Pour Rouen impressionnée qui se déroule jusqu’au 15 septembre, Antonio Gallego a réalisé des Paillassons qui se trouve dans l’hôtel de ville, sur le pont Boieldieu. Des œuvres qui contiennent des messages à la fois poétiques et politiques.

 

Gallego-tapis-egotopiaIntroduire l’art en des endroits qui ne sont pas conçus pour cela : tel a toujours été l’objectif d’Antonio Gallego. Partant de ce principe, il est nécessaire d’apporter une autre définition de l’œuvre. « Doit-elle être statique et intemporelle ? Non, elle doit être quelque chose qui apparaît et disparaît. La rencontre avec l’œuvre d’art doit ainsi se faire dans l’espace public ».

Etudiant, Antonio Gallego prenait un réel plaisir à peindre en direct pendant les concerts. Il créait également dans son atelier avant de coller ses œuvres dans la rue. « Elles n’étaient pas protégées, donc données aux intempéries et au vandalisme ». Une manière de désacraliser l’art. Dans les années quatre-vingt, Antonio Gallego a été un des premiers artistes à intervenir dans l’espace public avec le collectif Banlieue Banlieue qui participe à de nombreuses manifestations sur fond de musique rock. En 1985, il réalise une série de fresques pour le film de Marc Ferreri, I Love You.

Pour Antonio Gallego, il y a ce désir d’être dans l’espace urbain et de « réfléchir à la manière d’interpeler sans agresser » mais pour en rapport direct avec le public et pour susciter un regard, un déplacement. Antonio Gallego a appris à explorer du regard. « Ma grand-mère qui habitait Rouen, jouait de l’harmonium. Elle m’emmenait avec elle à l’église. Le temps de la messe, je regardais les vitraux. Je n’ai jamais visité les musées avec mes grands-parents mais j’ai eu cette éducation du promeneur ».

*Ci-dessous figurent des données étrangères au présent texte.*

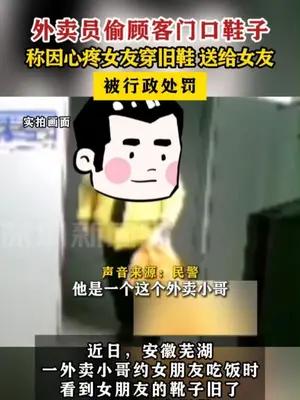 外卖员偷顾客门口鞋子被行政处罚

Il faut donc être un promeneur pour découvrir les œuvres d’Antonio Gallego qui a déjà exposé à l’aître Saint-Maclou et effectué une résidence dans les Hauts de Rouen. Pour Rouen impressionnée, il a dessiné des Paillassons. « C’est la première fois que je travaille sur ce support. C’est très agréable de sortir de ses obsessions. On est un peu autiste quand on est artiste ». Il y a des cartographies utopiques avec des villes et des fleuves imaginaires, évoquant l’individualisme d’aujourd’hui avec le mont Triomphe, le gouffre du Nombril, les ruines du Faste, la montagne de l’Apparat… Dans son travail, l’artiste évoque aussi la thématique de l’eau à travers des Paillassons représentant des fleuves asséchés pour rappeler l’importance de l’eau, sa rareté. Au fil des semaines, ces Paillassons seront souillés. « Il faut qu’ils s’usent. Nous faisons partie d’une génération qui détruit ». Ces œuvres sont aussi le symbole de la menace de la pollution.

 

  • Jusqu’au 15 septembre sur le pont Boieldieu, à l’hôtel de ville et dans les rues Delacroix et Ganterie à Rouen.